Imagen de Anne Bonny

Un humilde homenaje a este particular cómic del maestro francés Tardi

Como nos suele pasar a la gente de cultura limitada y mucha curiosidad, caí sobre Les Aventures Extraordinaires d'Adele Blanc-Sec sin tener ni idea de dónde me metía. No había oído hablar de Tardi ni del personaje, y únicamente lo cogí en la biblioteca -aquí en Francia las secciones de cómics en las bibliotecas, incluso en las ciudades pequeñas, son considerables- porque me llamó la atención la portada: una señorita con cierto aire decimonónico irguiéndose desafiante en los techos de París al tiempo que encañona a un peterodáctilo con aire estoico. Qué demonios, para eso sirven las portadas de los cómics, ¿no?, para captar lectores.

 

La primera de las historias me hizo pensar -funestamente- a mis “adorados” Mortimer y Blake y sus espadones de marras: una trama bastante engorrosa con unos cuantos conejos saliendo de sus respectivas chisteras. “Adèle y la bestia”, este primer álbum, no me dejó una sensación tan buena como me había prometido su portada, pero, al mismo tiempo, había algo en la atmósfera, en el carácter de los personajes y en los propios embrollos de la trama que me incitaba a continuar. Y, así, continué.

 

De este modo me sumí en una espiral de monstruos, sabios locos, misteriosos hombres deformes, criaturas de las profundidades y un largo etcétera que hubiera hecho las delicias de Lovecraft con el privilegiado telón de fondo del París de antes de la Primera Guerra Mundial -y, bueno, también de después de la misma por una extraña digresión en la narración que no viene a cuento comentar aquí-.

 

Es normal que me interesara el argumento y la realización -como dice mi hermana, soy un topo-, pero hay otro elemento más que me ha fascinado particularmente: desde que empezamos con la Biblioteca Fosca estamos haciendo un recorrido similar a través de momias, diablos y otros engendros aterradores, y prácticamente para cada número habría un cómic de Adèle que serviría como referencia. Una casualidad muy afortunada.

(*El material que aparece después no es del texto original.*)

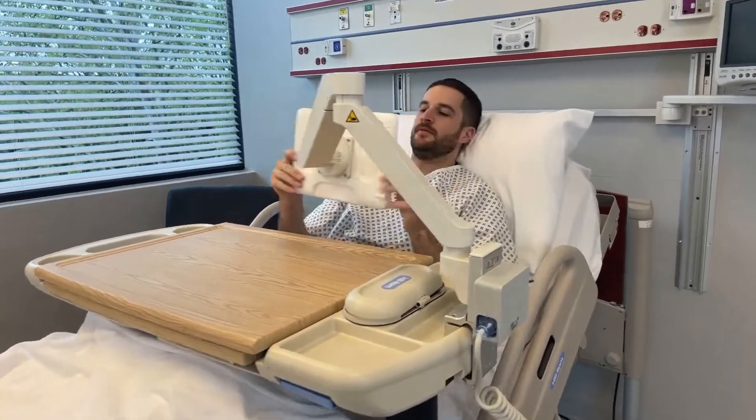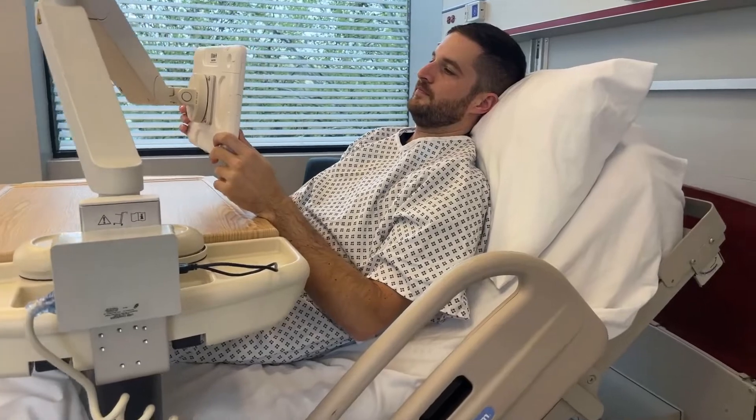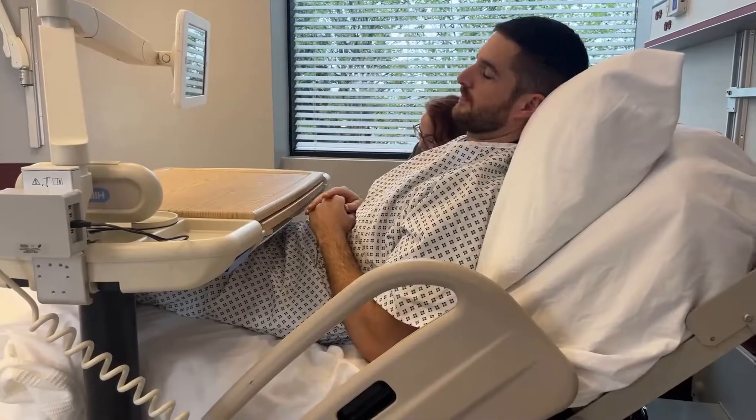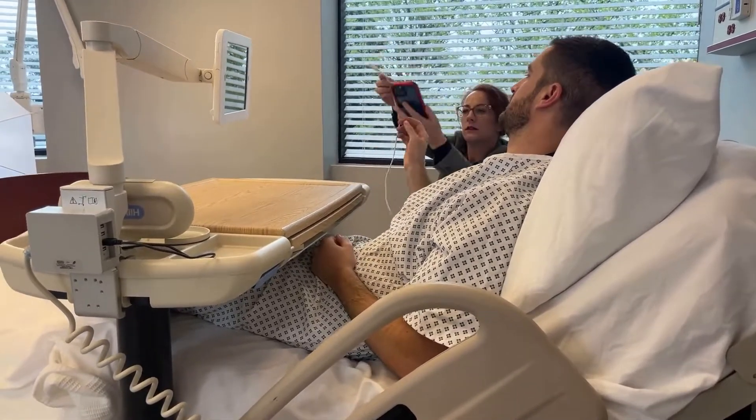The GCX VHMT tablet arm provides a durable and ergonomic medical-grade mounting solution for tablets made by Apple, Samsung, Microsoft, and others as part of healthcare organizations' strategies to improve patient experience.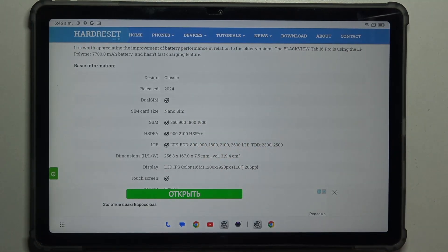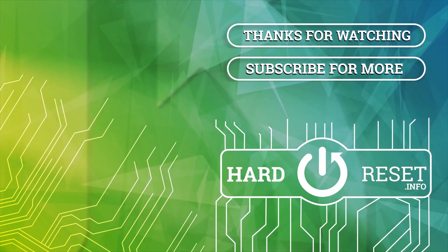And that's it for this video, hope you like it. Please consider subscribing to our channel, leave a like and a comment below. Thank you.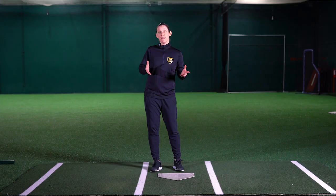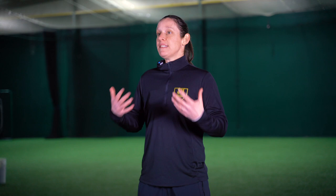Nice thing about this drill is you can do it anywhere. It doesn't require a lot of equipment and it also works the player physically and mentally. As you noticed with Arista, she laid out. The tosser really dictates the tempo of the drill, but you'll see right away the ability to hustle, get dirty, and be efficient and reactive for the next ball. Hope you'll give it a try at home.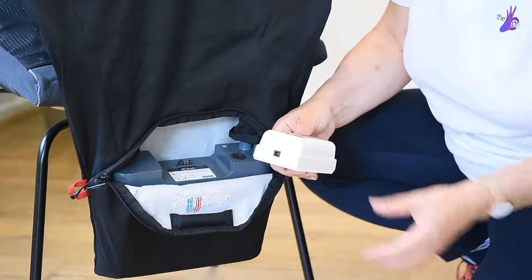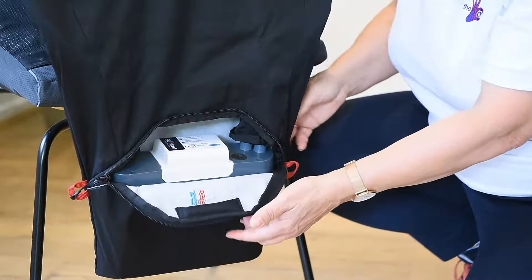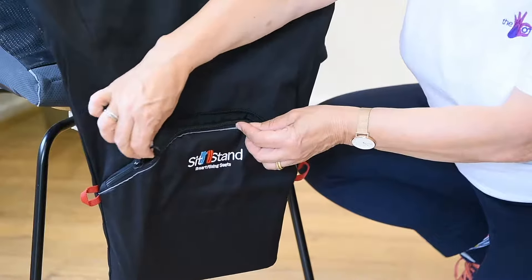Due to the magnet in the battery, it slips easily back into position following charging and can be zipped up and hidden away.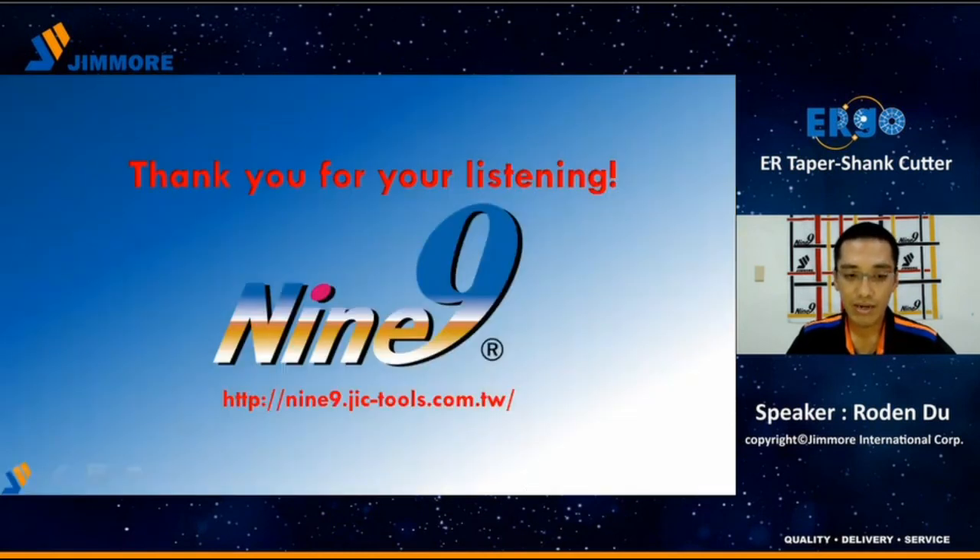Our webinar will end here. Thank you for your listening, see you next time.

Desde luego, no se trata de comparar unos proyectos con otros (Tardi, maestro de la línea clara francobelga, tiene un currículum tan extenso que sólo con sus premios es más largo que este artículo), pero no deja de resultar curioso, y esperanzador, ver que esas fuentes originales del terror siguen estando presentes y, lo que es más importante, se les pueden ir sacando nuevas interpretaciones e introduciendo como elementos clave de nuevas historias originales.

 

Se trata, simplemente, de no dar la espalda a nuestro acerbo cultural al tiempo que no se sobreexplota, o al menos no de la misma manera, de modo que mantenga su frescura. Adèle Blanc-Sec es un buen ejemplo. Como la bebida que lleva por apellido -ese vino blanco y áspero que los trabajadores franceses, según me contó una parisina de pura cepa, se bebían para afrontar el frío mañanero en sustitución del carajillo cazallero más propio de nuestras latitudes-, Adèle es un personaje lleno de matices: delicado, duro, con cuerpo y carácter a pesar de su aspecto, muy propio del escenario pero con su toque misterioso -quién sabe de qué botellas salían esos “blancos”-...

 

Como ocurre con otros personajes -hace poco nombrábamos a Constantine o a Corto Maltés-, una creación que destila mucho carisma, el suficiente para conseguir llevar al lector medio a través de una “Cueva del terror” de parque de atracciones donde se mezcla un toque sarcástico, una mirada inteligente, una estética muy particular y, cómo no, un reparto de monstruos de opereta que dan pie a interesantes historias policiales.

 

En mi caso, una fuente de inspiración que me ha venido muy bien descubrir en estos momentos. Para el resto, supongo, una lectura muy curiosa, un clásico francés a descubrir.